** REQUIRED ACTION **
The lines below, from the one holding "this 640×480 image." through the one holding "this 1270×952 image.", are to be restated word for word, with all images left out.

----- DATA EXCERPTS -----

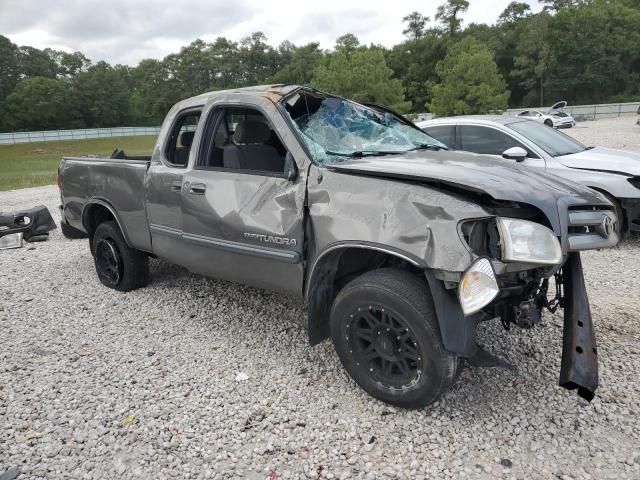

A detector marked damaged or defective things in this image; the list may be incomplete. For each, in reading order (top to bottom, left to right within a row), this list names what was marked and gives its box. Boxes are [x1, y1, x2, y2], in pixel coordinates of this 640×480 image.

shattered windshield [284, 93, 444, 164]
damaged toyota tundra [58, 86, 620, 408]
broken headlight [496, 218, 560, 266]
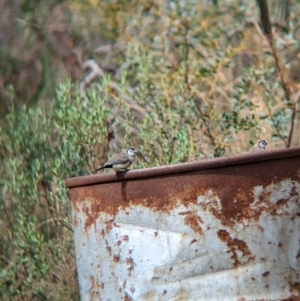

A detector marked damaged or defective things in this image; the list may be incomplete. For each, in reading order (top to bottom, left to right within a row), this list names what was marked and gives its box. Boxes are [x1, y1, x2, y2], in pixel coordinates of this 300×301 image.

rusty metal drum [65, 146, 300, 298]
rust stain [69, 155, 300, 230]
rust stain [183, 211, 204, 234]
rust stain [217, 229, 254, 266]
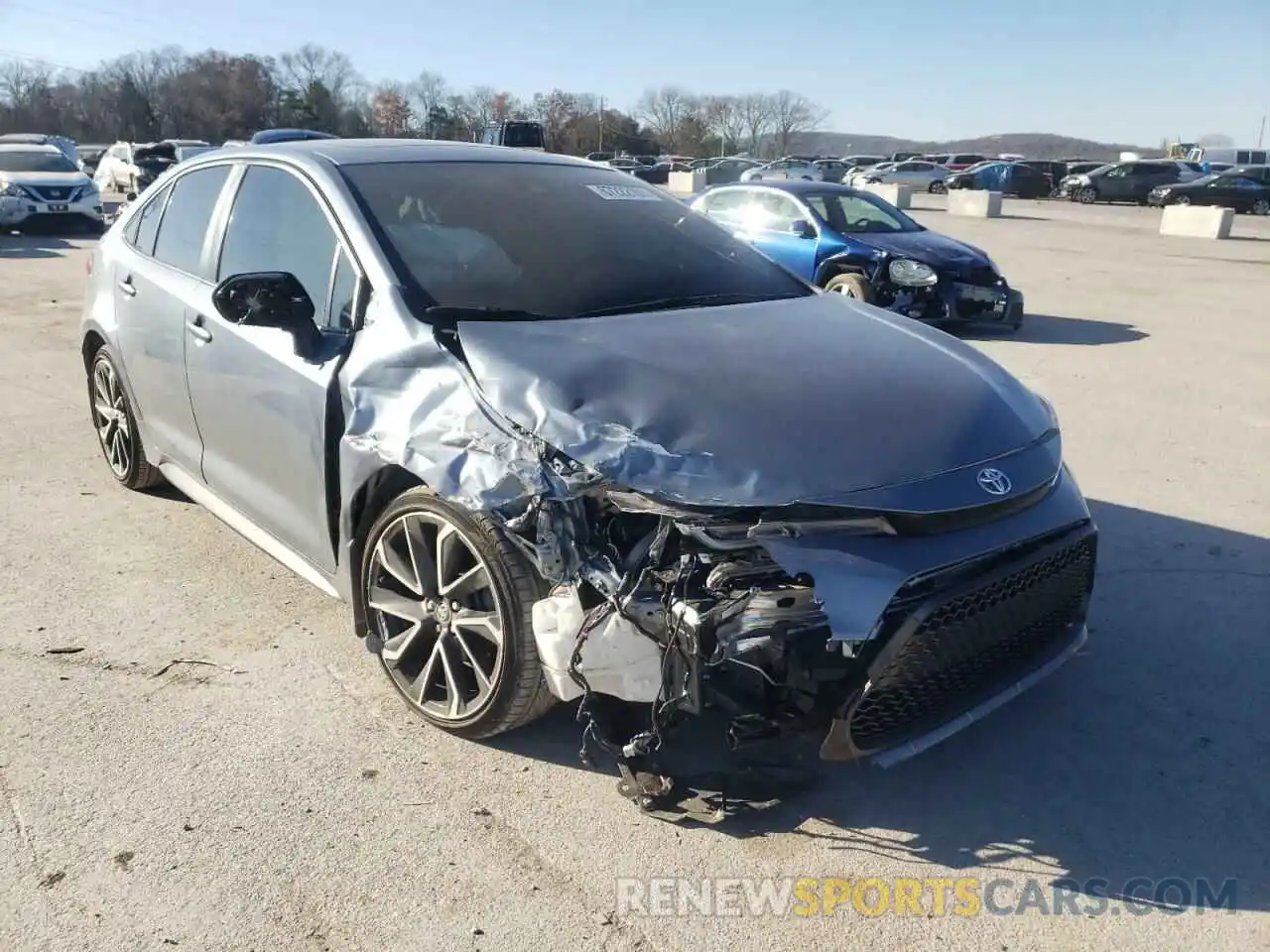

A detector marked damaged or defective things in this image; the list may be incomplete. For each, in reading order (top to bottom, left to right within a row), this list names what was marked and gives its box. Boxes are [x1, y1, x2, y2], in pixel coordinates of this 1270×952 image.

-----
----- DATA EXCERPTS -----

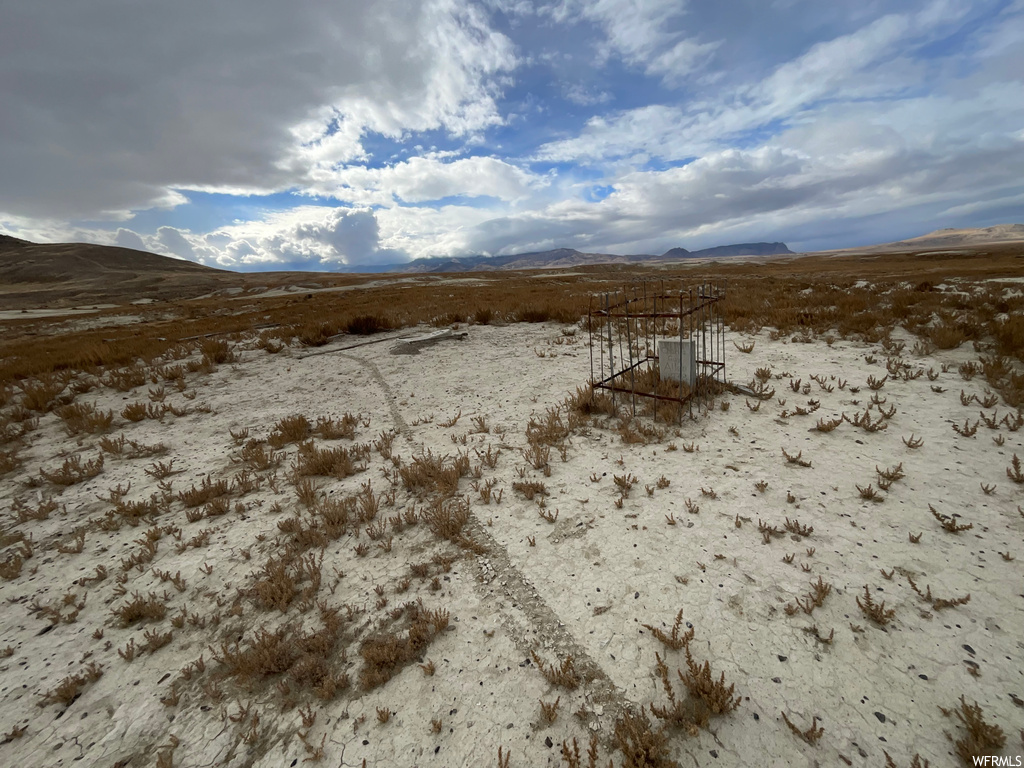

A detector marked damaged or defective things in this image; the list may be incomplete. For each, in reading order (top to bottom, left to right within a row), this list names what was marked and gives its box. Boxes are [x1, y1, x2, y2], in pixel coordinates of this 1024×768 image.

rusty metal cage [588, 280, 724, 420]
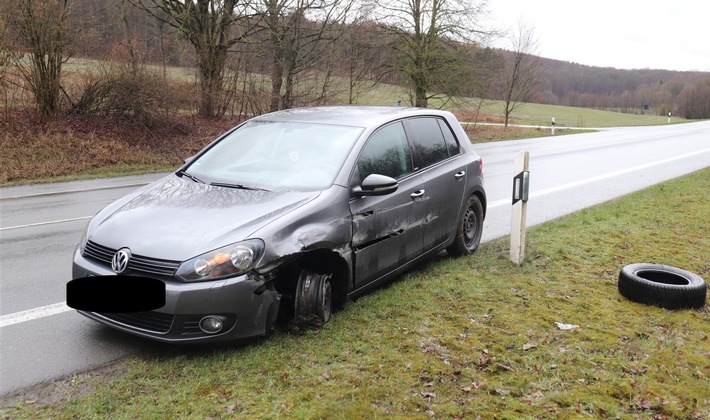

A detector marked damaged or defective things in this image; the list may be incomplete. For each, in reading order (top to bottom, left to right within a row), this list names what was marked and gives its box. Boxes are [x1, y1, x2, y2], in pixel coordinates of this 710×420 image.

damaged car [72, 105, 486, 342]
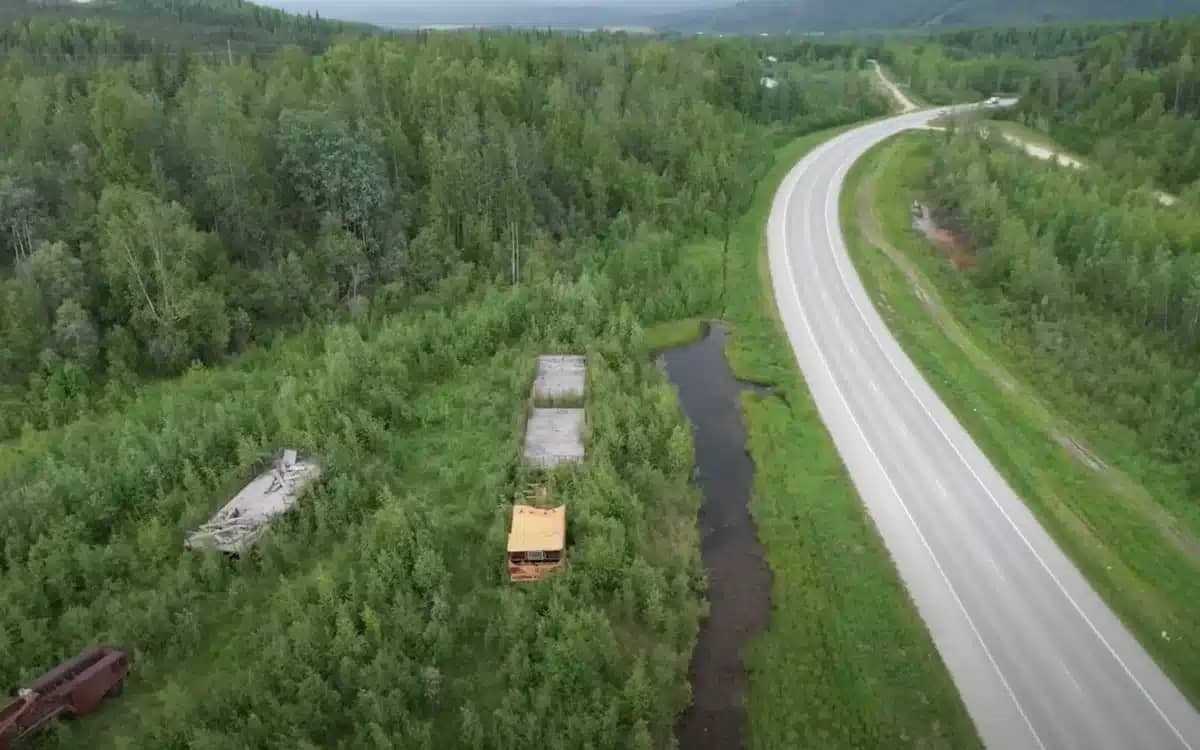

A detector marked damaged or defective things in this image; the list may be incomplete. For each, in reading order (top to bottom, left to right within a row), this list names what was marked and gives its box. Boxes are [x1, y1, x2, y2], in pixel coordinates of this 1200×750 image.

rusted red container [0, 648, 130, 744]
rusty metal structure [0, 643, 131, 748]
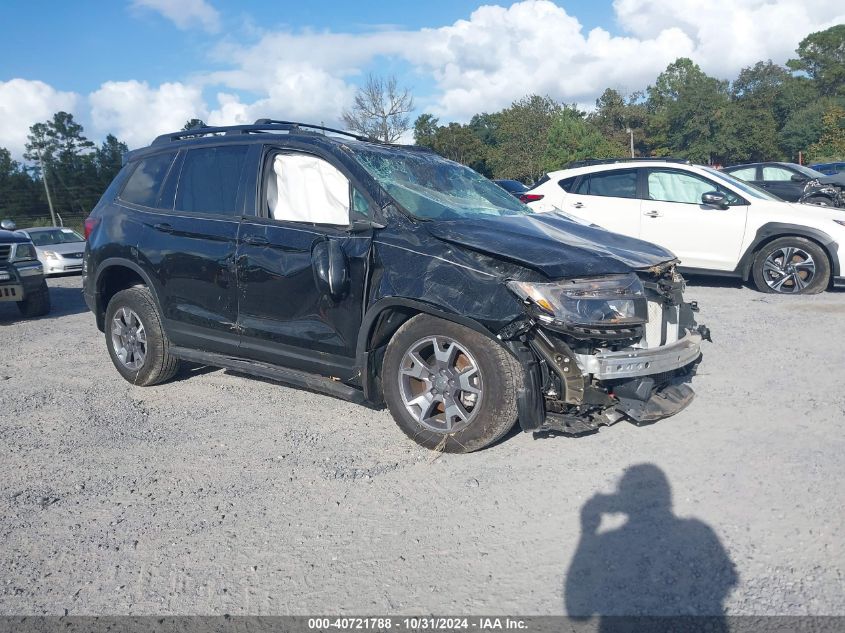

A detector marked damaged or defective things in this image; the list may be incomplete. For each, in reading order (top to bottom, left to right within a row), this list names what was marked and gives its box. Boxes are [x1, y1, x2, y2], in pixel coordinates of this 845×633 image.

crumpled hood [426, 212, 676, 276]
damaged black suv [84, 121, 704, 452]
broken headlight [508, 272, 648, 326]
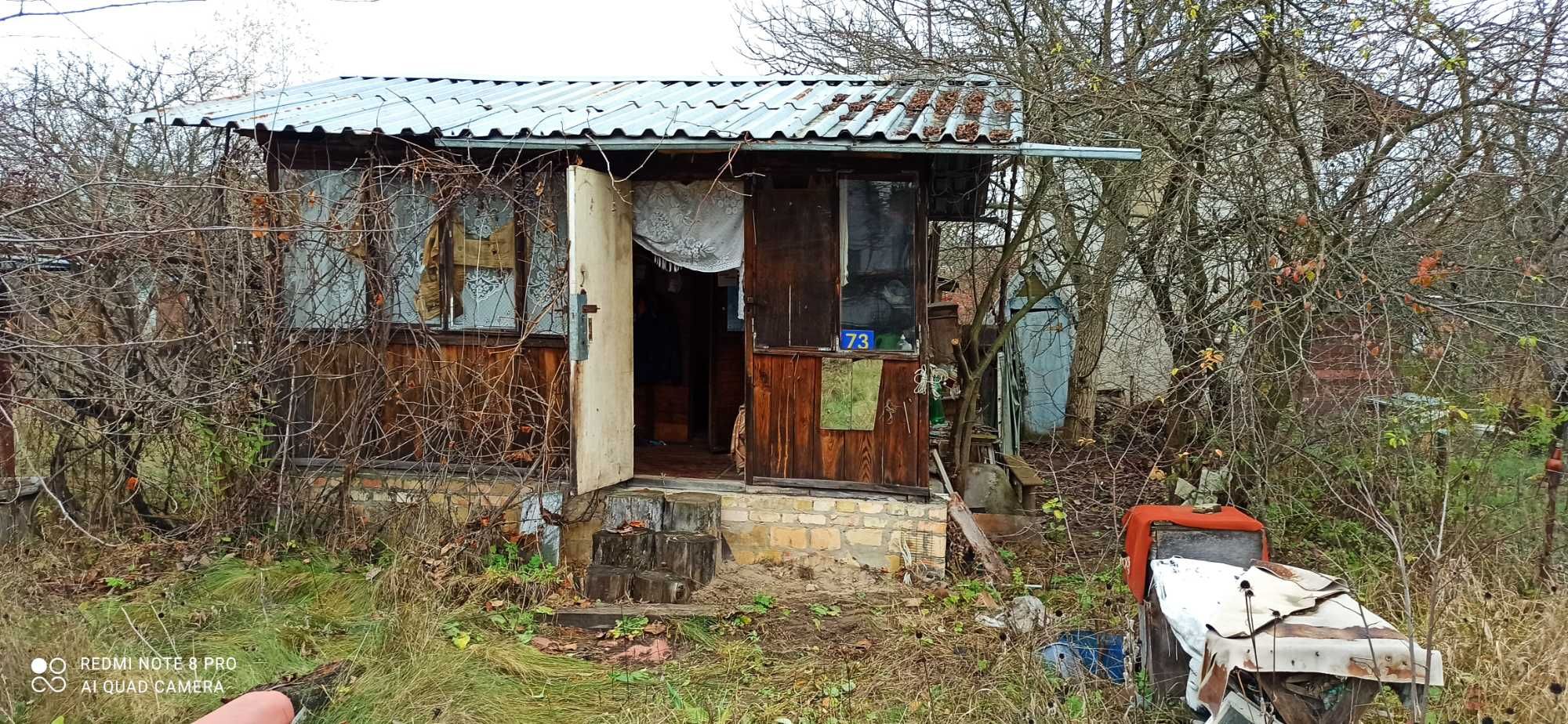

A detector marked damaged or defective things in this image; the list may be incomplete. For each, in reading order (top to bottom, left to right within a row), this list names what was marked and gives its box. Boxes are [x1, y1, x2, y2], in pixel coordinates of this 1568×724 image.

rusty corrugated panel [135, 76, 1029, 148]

-----

** PROBLEM SOLUTION **
A detector marked damaged or defective things in this image; the list may be incomplete. For each, in reading order (top to bottom, left to right within a row), this list names what was marked and gives its box. Boxes are [x1, y1, x2, y2], in pixel coordinates of this 640×480 image.

shattered windshield [284, 93, 444, 164]
damaged toyota tundra [58, 86, 620, 408]
broken headlight [496, 218, 560, 266]

A detector marked damaged or defective things in this image; the list may be incomplete. For each, in reading order (top to bottom, left to right within a row), this list names what was marked and gives its box. Boxes are [x1, y1, x2, y2], in pixel coordinates of this 300×301 image.

rusty metal drum [65, 146, 300, 298]
rust stain [69, 155, 300, 230]
rust stain [183, 211, 204, 234]
rust stain [217, 229, 254, 266]

A detector marked damaged or defective things in this image; the list may be incomplete. For each, in reading order (top to bottom, left to right within a row), this list names what was marked and gives its box. Boxes are [x1, y1, x2, y2], in pixel coordinates of this 1270×952 image.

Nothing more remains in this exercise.